*YOUR OBJECTIVE*
From the entries below, print exactly the span beginning with the line holding "O que é GIST" and ending with the line holding "Cum se elimină", endpoints included, and skip any pictures.

*RECORDS FOR THE EXERCISE*
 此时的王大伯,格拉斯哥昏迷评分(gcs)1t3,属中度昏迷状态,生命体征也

...

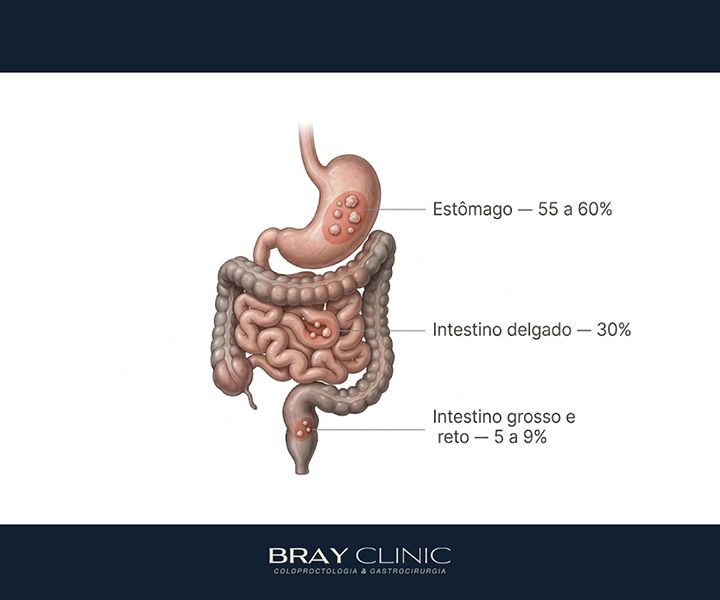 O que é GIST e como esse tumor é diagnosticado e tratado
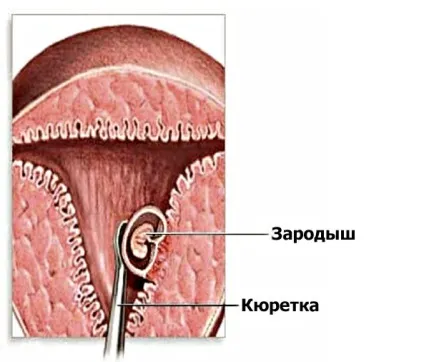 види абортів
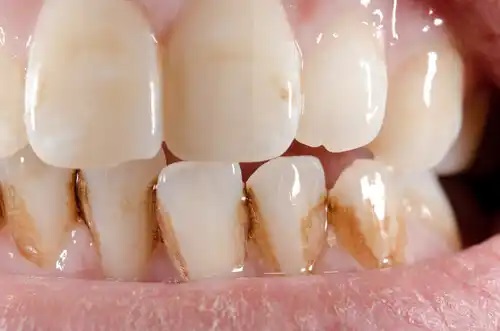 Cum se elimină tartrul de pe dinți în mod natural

---

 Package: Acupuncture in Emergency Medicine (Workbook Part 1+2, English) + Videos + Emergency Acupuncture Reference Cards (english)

*SOLUTION FOR THIS EXERCISE*
 O que é GIST e como esse tumor é diagnosticado e tratado
 види абортів
 Cum se elimină tartrul de pe dinți în mod natural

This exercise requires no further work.